Письмо твое лишний раз обрадовало меня своей искренностью и свежестью. Я улыбался от удовольствия самым диким и непозволительным образом. Было страшно жаль, что близко нет тебя – схватить и расцеловать.

Черт возьми, от строчек твоего письма так и веет Омском, Сибирью, тихими улочками и шумными птицами, разыгравшимися под крышами, по существу, скромных и благовидных домов… Встречала ли ты мою маму и отца? Еще раз прошу тебя узнать их адрес и передать им от меня привет. Галина, как я благодарен тебе за твои письма… Сейчас мне хорошо от них, несмотря ни на что.

Несмотря даже на то, что я зверски простыл, хриплю, кашляю и ругаюсь, как обманутый извозчик. За твои письма я готов с большой охотой поменять всю сокровищницу русской литературы – Достоевского, Толстого, Пушкина. Я ношусь с твоими письмами, перечитываю их много раз и даже пытаюсь читать их нараспев. Ей-богу!

Пиши же мне, Галка! Пиши! Пиши! И пиши подлинней, пообстоятельнее, не забывай упомянуть и про омский «литературный мир».

В ожидании твоих писем, а затем и приезда, крепко, крепко, крепко тебя целую.

Твой Павел.

10. Г.Н. АНУЧИНОЙ

20 октября 1931 г. Москва

Галочка!

Ходила ли ты к нашим? Пиши как можно скорее и обязательно спешным – никаких отсрочек не потерплю.

Если будешь в Омске дольше срока, о котором договорились, – прямо не знаю, что с тобой сделаю! Если не дадут диплома – наплевать, и без него обойдемся великолепно. Понятно?

Пожалуйста, не зли и не волнуй меня, а выезжай как можно скорей.

Если у тебя есть какие-нибудь неприятности – не смущайся ими. Помни, что я тебя крепко люблю, верю тебе и хочу, чтоб ты мне верила.

Итак, заканчиваю маленькую эту записку (пишу ее на почтамте).

Целую тебя много-много раз. И жду.

Твой Павел.

20 октября 7 ч. вечера, Москва.

11. Г.Н. АНУЧИНОЙ

5 марта 1932 г. Москва

Галечка, милая!

Посылаю тебе денег и билеты, которые ты немедленно продай (если успеешь, конечно). Жди меня две недели, т. к. я неожиданно и срочно вынужден был выехать по очень важному литературному делу.

Дорогая, прости, что не мог известить тебя заранее. Целую тебя, ненаглядная моя.

Павел.

Страстная площадь. Сытинский переулок, 12, вторая площадка по лестнице налево, звонить и спросить Евгению Анучину. 5.03.1932 г. <…>

12. Г.Н. АНУЧИНОЙ

10 марта 1933 г.

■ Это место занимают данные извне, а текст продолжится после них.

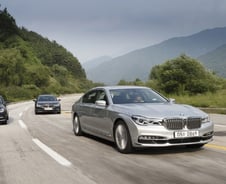 [시승기]"퍼스트 클래스란"...BMW 뉴 740Li 뒷좌석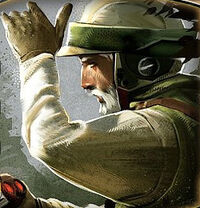 Rebel Army Captain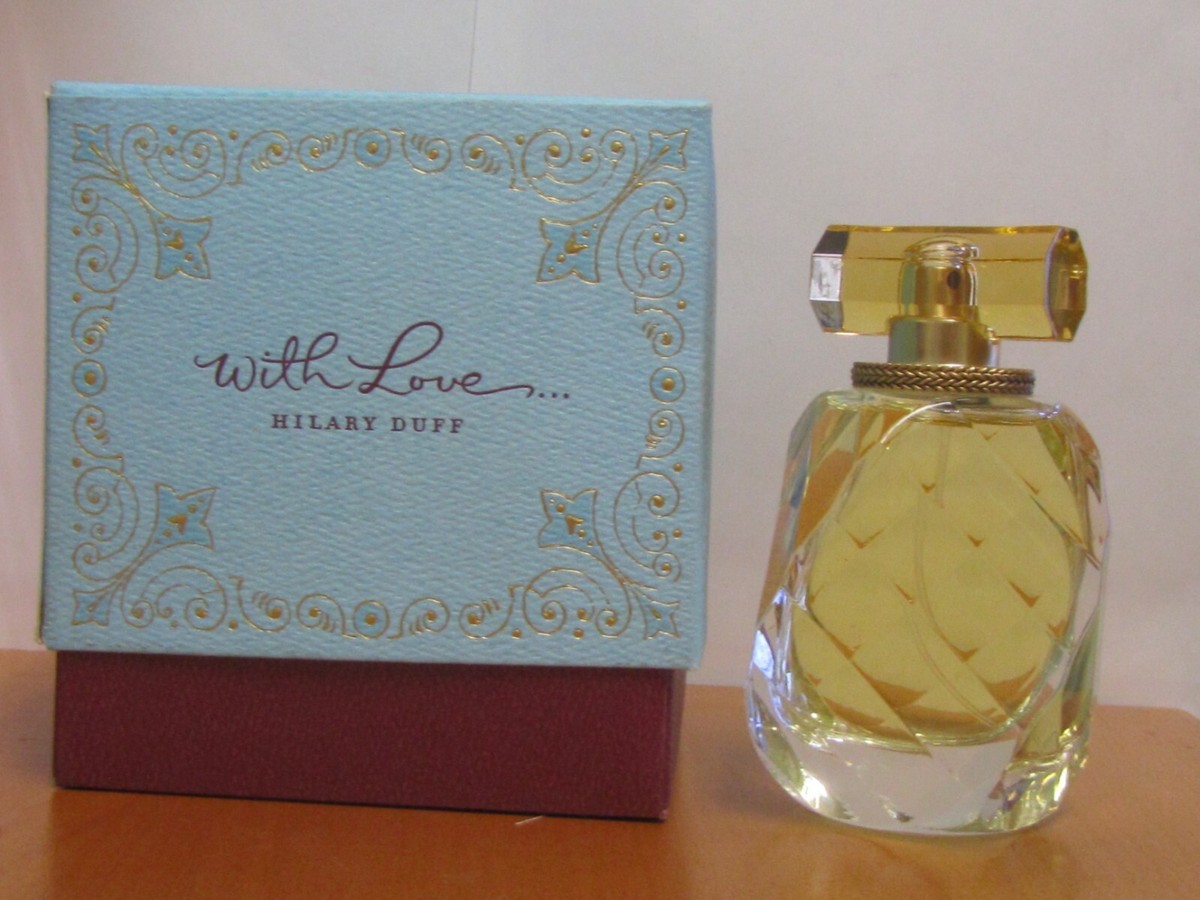 Hilary Duff With Love 3.3oz Women's Eau de Parfum for sale online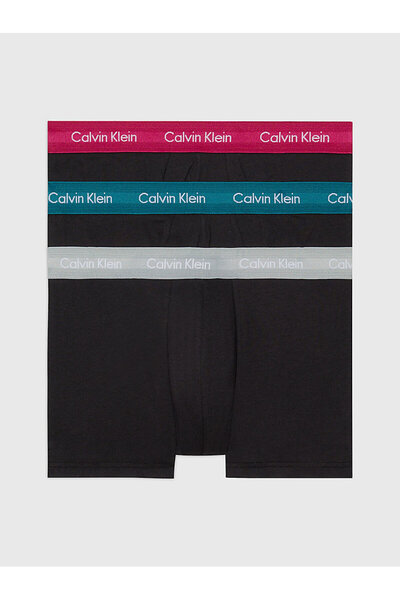 Calvin Klein Erkek 3'Lü Low Rise Trunk Boxer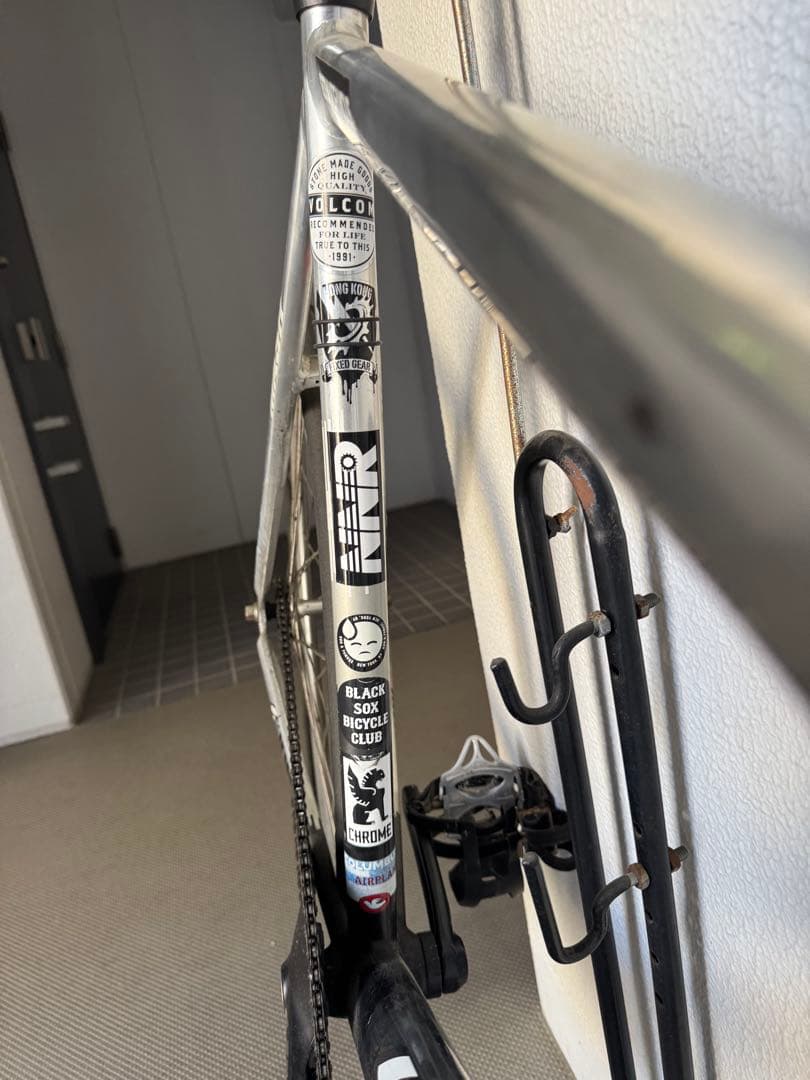 Cinelli MASH histgram XL シルバー アルミフレーム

Москва

Здравствуй, дорогая моя Галя!

Напрасно ты беспокоишься о том, что я не думаю о тебе, забыл о тебе, живу с другой и т. д. Всё это глупости.

Если я так долго не писал тебе, то только потому, что у меня здесь получилась масса неприятностей… т<ак> к<ак> у меня сняли «Песню…» с отдельного издания и вынули ее из книги стихов – утекло много денег. Повлияло это и на другое. Сейчас я заработал около 1000 рублей выступлениями и отдельными стихами…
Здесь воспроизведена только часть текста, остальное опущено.